I have the same scenario as jbyler - I want to parse N lines of a JSON log, where each line is a single object:
host ~ # head /var/log/nginx/access.log.json | cut -c 1-80
{"remote_addr":"127.0.0.1","remote_port":"47700","time_iso8601":"2022-08-31T00:0
{"remote_addr":"127.0.0.1","remote_port":"35576","time_iso8601":"2022-08-31T00:0
{"remote_addr":"127.0.0.1","remote_port":"47708","time_iso8601":"2022-08-31T00:0
{"remote_addr":"127.0.0.1","remote_port":"52974","time_iso8601":"2022-08-31T00:0
{"remote_addr":"127.0.0.1","remote_port":"52976","time_iso8601":"2022-08-31T00:0
{"remote_addr":"127.0.0.1","remote_port":"51414","time_iso8601":"2022-08-31T00:0
{"remote_addr":"127.0.0.1","remote_port":"41942","time_iso8601":"2022-08-31T00:1
{"remote_addr":"127.0.0.1","remote_port":"41946","time_iso8601":"2022-08-31T00:1
{"remote_addr":"127.0.0.1","remote_port":"37982","time_iso8601":"2022-08-31T00:1
{"remote_addr":"127.0.0.1","remote_port":"56602","time_iso8601":"2022-08-31T00:1
I do not like the --slurp
solution because this will cause jq
to read the entire file, when I might only be interested in the first N lines.
The solution for this seems to be the input
function combined with jq -n
, which reads a single input object:
host ~ # cat /var/log/nginx/access.log.json | jq -r -n 'input | [.remote_addr, .remote_port, .time_iso8601] | @tsv'
127.0.0.1 47700 2022-08-31T00:02:53+02:00
Combined with range
, I can use it to read up to N input objects:
host ~ # cat /var/log/nginx/access.log.json | jq -r -n 'range(10) as $i | input | [.remote_addr, .remote_port, .time_iso8601] | @tsv'
127.0.0.1 47700 2022-08-31T00:02:53+02:00
127.0.0.1 35576 2022-08-31T00:02:53+02:00
127.0.0.1 47708 2022-08-31T00:02:53+02:00
127.0.0.1 52974 2022-08-31T00:07:53+02:00
127.0.0.1 52976 2022-08-31T00:07:53+02:00
127.0.0.1 51414 2022-08-31T00:07:58+02:00
127.0.0.1 41942 2022-08-31T00:12:53+02:00
127.0.0.1 41946 2022-08-31T00:12:53+02:00
127.0.0.1 37982 2022-08-31T00:13:03+02:00
127.0.0.1 56602 2022-08-31T00:17:53+02:00
Be careful with wrapping this into an array though - doing it wrong will cause jq
to reevaluate the [range(10) as $i | input]

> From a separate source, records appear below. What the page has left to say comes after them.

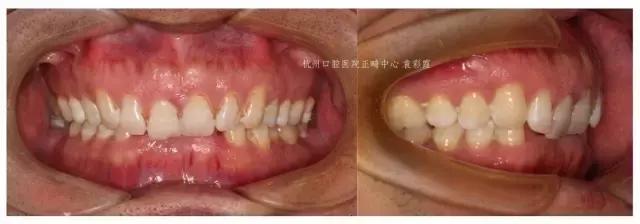 原来，上牙盖住下牙太多，也对牙齿有伤害！该怎么矫正？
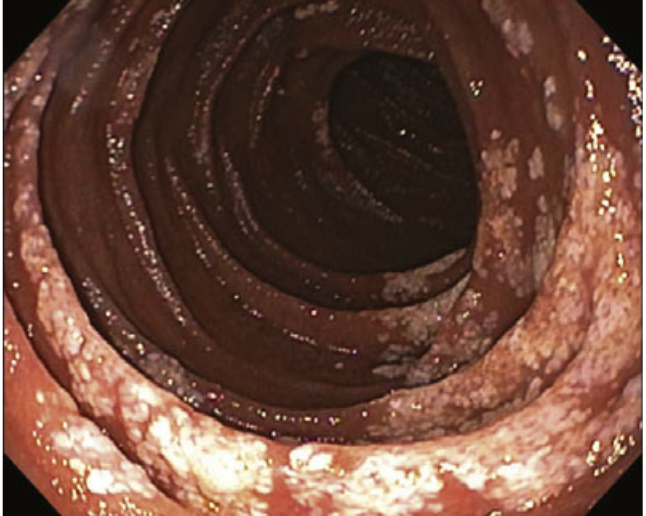 JPGNonline's tweet image. 14 yo 👦 post-renal tx for IgA nephropathy with abdo pain and diarrhea x months

#Endoscopy: enlarged white villi in duodenum/jejunum; histology shows dilated lymphatic spaces

Most likely diagnosis?

Answer and learn more 👉 onlinelibrary.wiley.com/journal/153648…

#imageofthemonth #quickpoll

expression, so here I'm not getting elements [0, 1, 2]
, but [0, 11, 22]
:
# WRONG, DON'T DO THIS
host ~ # cat /var/log/nginx/access.log.json | jq -r -n '[range(10) as $i | input][0,1,2] | [.remote_addr, .remote_port, .time_iso8601] | @tsv'
127.0.0.1 47700 2022-08-31T00:02:53+02:00
127.0.0.1 59784 2022-08-31T00:18:22+02:00
127.0.0.1 34316 2022-08-31T00:37:53+02:00
To safely access the same array multiple times, you need to have a pipe in between:
host ~ # cat /var/log/nginx/access.log.json | jq -r -n '[range(10) as $i | input] | .[0,1,2] | [.remote_addr, .remote_port, .time_iso8601] | @tsv'
127.0.0.1 47700 2022-08-31T00:02:53+02:00
127.0.0.1 35576 2022-08-31T00:02:53+02:00
127.0.0.1 47708 2022-08-31T00:02:53+02:00
This way, you can take up to N objects from the input file, and then extract arbitrary ones from this selection.